Some of this no doubt lays in the fact that it is much better to be introduced and become hooked on a really intelligent, well-executed program on disc – no ads, and more contained viewing. But also it cannot be argued that HBO and the Sopranos forever changed the writing of both cable and traditional network television. The networks want a more sophisticated product. Sure there’s still shit out there, but there’s a lot of good stuff too, and my pig-headed stigma is something I’ve found it harder and harder to cling to. Of course I still always tread with trepidation, but growing up watching a lot of tv (bad 80’s tv to boot) has left it’s mark. It freaks me out a little, because I guess I feel like maybe I’ve gotten older and lost some of my piss and vinegar – some of the unbridled disgust for society and the human race that used to keep me pinned to the walls I was most comfortable with, afraid to, say, admit I liked a song by Kylie Minogue or The West Wing. So take this all as whatever – take it as a cathartic ramblings of a soul just like yourself, lost adrift in media over saturation, bombarded day after day by what They** want stuffed into my head. Take if for what you will, but let me just tell you I LOVE PUSHING DAISIES***.
Now, I guess I’m after the fact again because it’s off the air, but again, I prefer to see my tv on DVD to at least eliminate the adspeak. Apparently Daisies was canceled after it’s second season, so this is posthumous. Still, after approaching with a fair amount of skepticism I was won over by the end of season 1.
First: It looks like a film by Jean-Pierre Jeunet – you know, DELICATESSEN, AMELIE, CITY OF LOST CHILDREN, etc. Although maybe not as dark I’d describe it the same way: fairytale-ish. Dark but pastel. Episodic yet film-like. Funny but disturbing in a if-you-really-think-about-it kind of way. Otherworldly but real. And the sets, they do not feel like most tv sets. And that could definitely be due to the fact that apparently Daisies had something like a million dollar price tag per episode, so I guess it should look like a film.
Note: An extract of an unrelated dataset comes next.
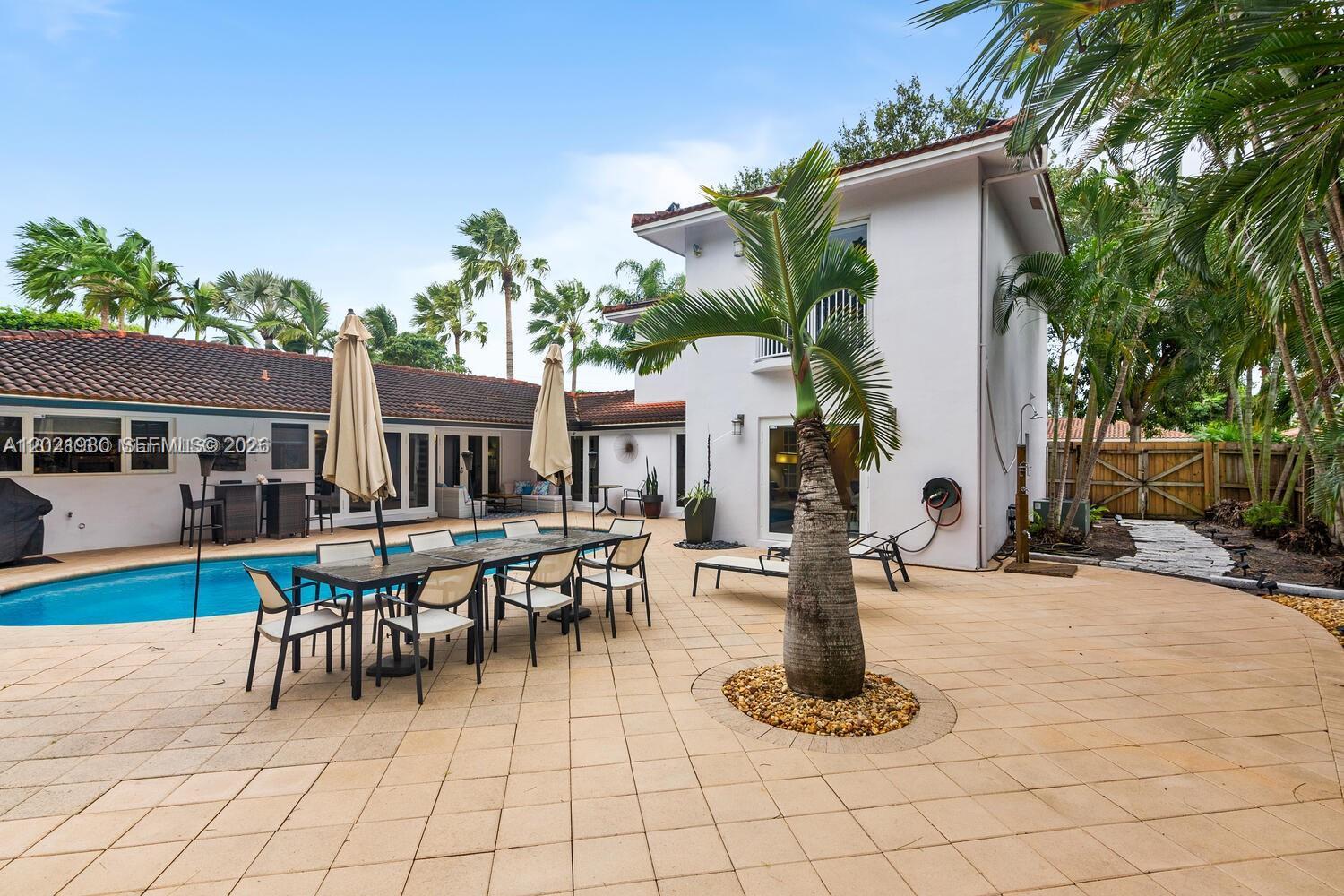 4101 Bayview Dr, Fort Lauderdale FL 33308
But again slightly twisted fairytale quality: Yum, I love that.
Next is the writing. At first it felt a bit forced or, I don’t know, like it was trying too hard. Narration often does that to me, especially when it comes off a bit ‘quirky’ (I hate that word). But here what feels quirky at first soon begins to feel like another odd little weave in a much bigger, ambitious yes but pretentious no tapestry. The characters, especially Chi McBride who plays practically money-minded Emerson Cod, are strange and a little dark and very well written, with snappy dialogue that reminds me of what I really liked about the rapid fire exchanges that defined the West Wing in it’s later years****.
So yeah, I still hate the medium of television, but I’m now fully prepared to give things that look like they might be cool a chance (unless any of the people on ‘the list’ are’ starring that is) and enjoy the stuff that’s getting made that actually is good. And think about it, now that tv is a viable option for long-plotted quality shows maybe one day we will see some comic series (if someone really is going to try to do Preacher or Y the Last Man, why not on HBO?) handled at least decently?
…………
* My favorite was the guy that wanted his company’s soft drink advertisement to sound like No Doubt but, his words, ‘a little bit more Urban’, ‘Urban’ of course being white yuppie exec. Speak for ‘black’.
** And make no mistake, if there is one thing 8 years of Captain Asshole should have taught EVERYBODY is that there is indeed a ‘They’. You might know them by other names – sony, chase, haliburton.
*** Oh, so that’s where all this is going? Didn’t see that coming.
**** West Wing was ‘snappy’ from the beginning but it’s my opinion that it did feel a bit forced and ‘too much’ until about the 5th season.